Las críticas no tardaron en llegar, y con razón. La falta de autocrítica fue palpable, una omisión que raya en la indiferencia. Se habló de avances, pero se eludieron los problemas acuciantes que corroen la confianza pública: la delincuencia desbordada, la crisis migratoria, la inflación persistente y la creciente desigualdad. Parecía que el palacio de gobierno se había convertido en una burbuja, impermeable a las angustias que sacuden al país.
El discurso presidencial se centró en cifras y estadísticas, pero careció de la empatía necesaria para conectar con el ciudadano común. Se habló de reformas, pero se ignoró la sensación de inseguridad que invade los barrios, la frustración de quienes ven cómo sus ahorros se diluyen ante el alza de los precios, y la desesperanza de aquellos que luchan por acceder a una vivienda digna.
La percepción generalizada es que el Gobierno vive en una realidad paralela, donde los problemas se minimizan y los logros se magnifican. Se habla de diálogo, pero se percibe sordera ante las demandas ciudadanas. Se promete un futuro mejor, pero se ignora el presente precario.
Este distanciamiento entre el discurso oficial y la realidad palpable genera un profundo descontento. La ciudadanía no pide perfección, sino honestidad y cercanía. Exige que sus líderes reconozcan los errores, asuman responsabilidades y trabajen incansablemente para encontrar soluciones concretas.

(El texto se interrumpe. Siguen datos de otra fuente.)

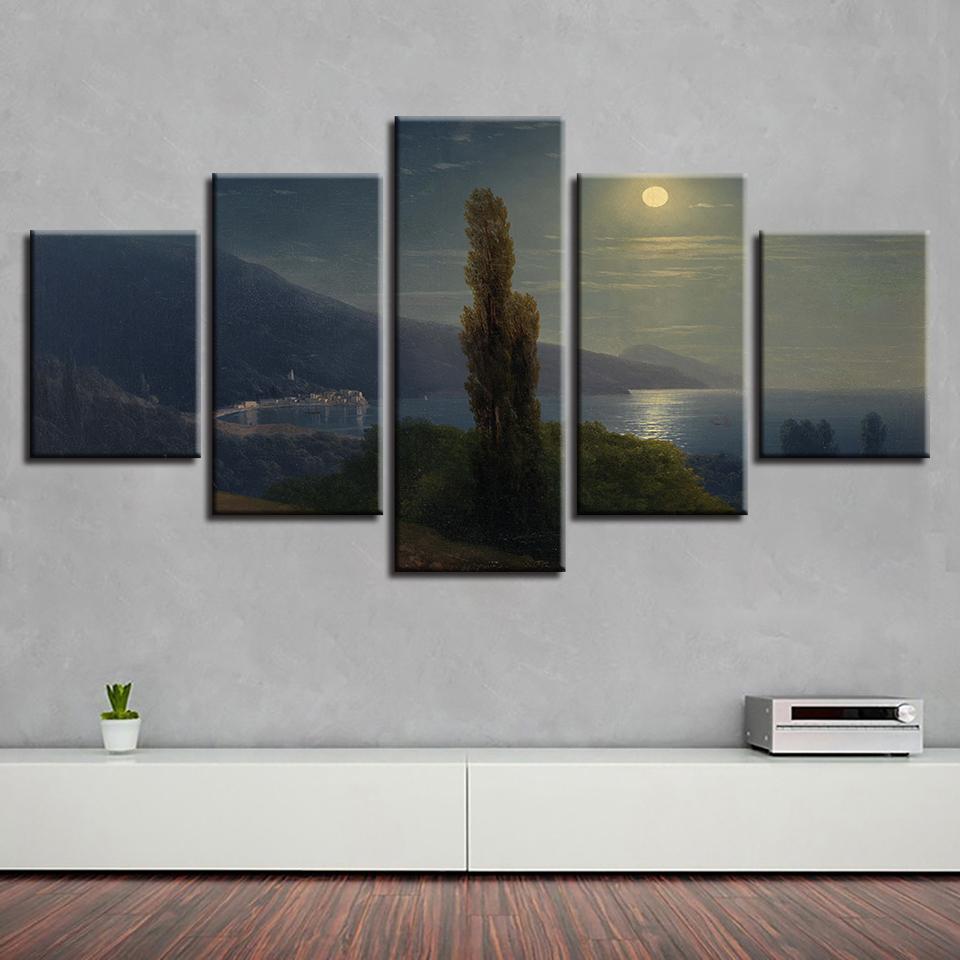 Tree Beach Mountain Moon – Nature Canvas Wall Art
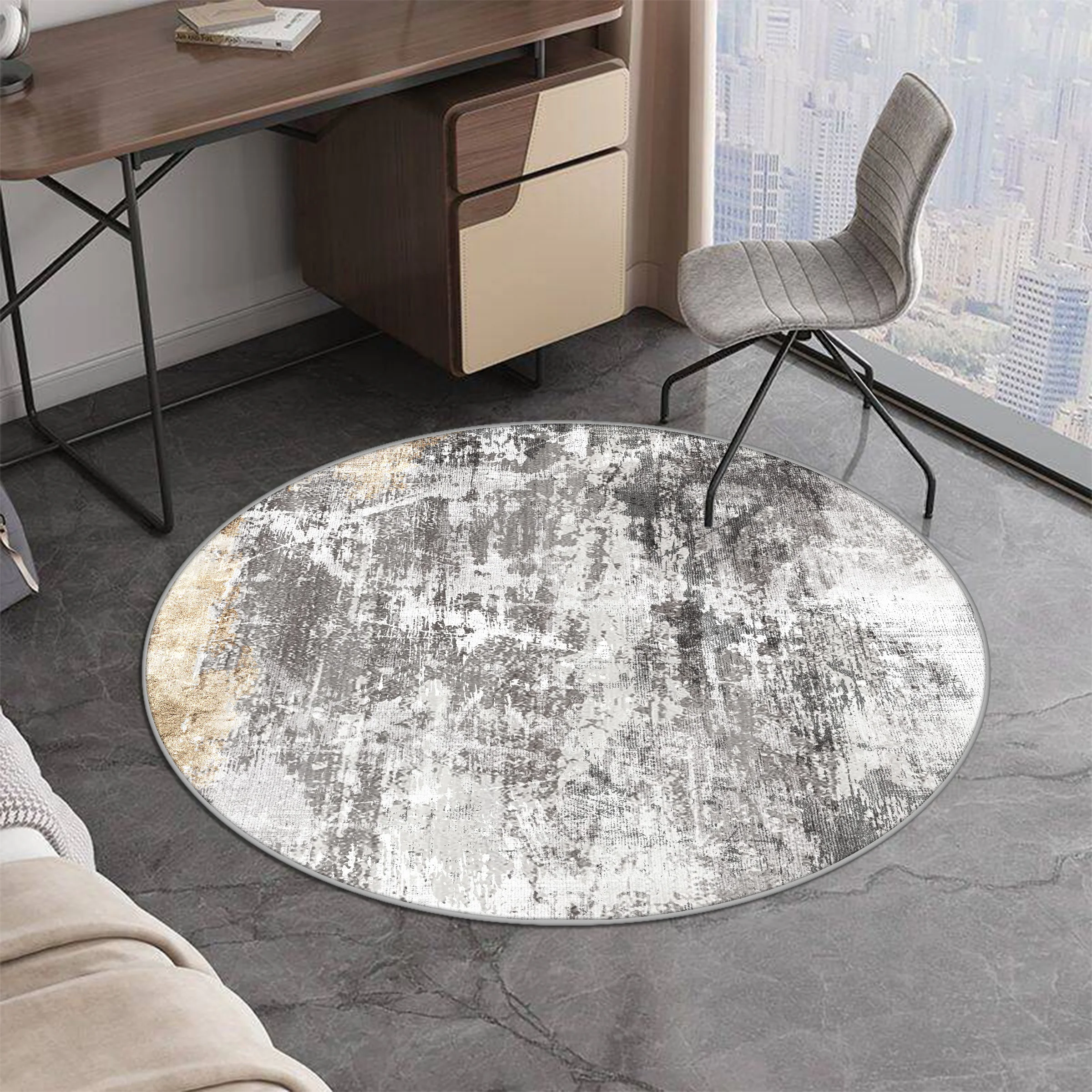 Modern Home Round Carpets Abstract Grey Soft Floor Mat Living Room Bedroom Bedside Rugs Study Room Chair Area Rug Washable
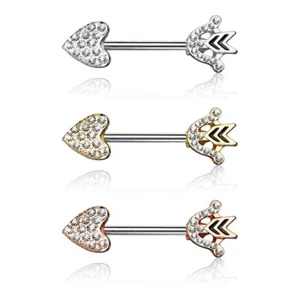 Nipple Ring Heart Arrow Multi CZ Set Gold Silver Rose - Pair - Picture 1 of 1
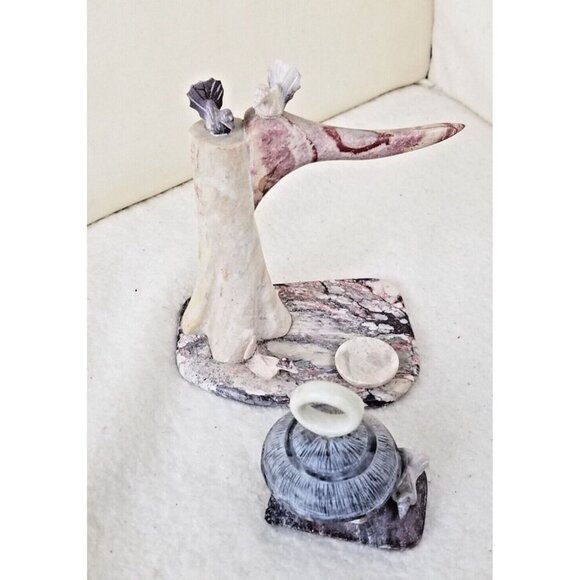 Stone sculpture‎ tree birdhouse marble 6x3 bird watcher outdoorsy ornithology - Picture 2 of 11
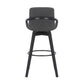 31" Gray and Black Fabric and Iron Bar Height Swivel Bar Chair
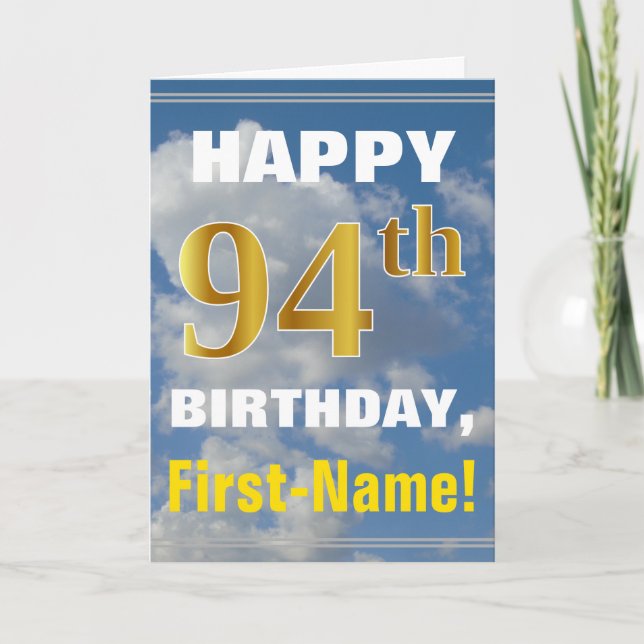 Tarjeta Negrita, cielo nublado, oro falso 94º cumpleaños + (Anverso)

La Cuenta Pública, lejos de ser un ejercicio de rendición de cuentas, se transformó en un monólogo autocomplaciente. El eco de las palabras presidenciales se diluyó en el aire, sin resonar en los corazones de quienes claman por un país más justo y seguro. La desconexión es evidente, y la brecha entre el gobierno y la ciudadanía se ensancha peligrosamente.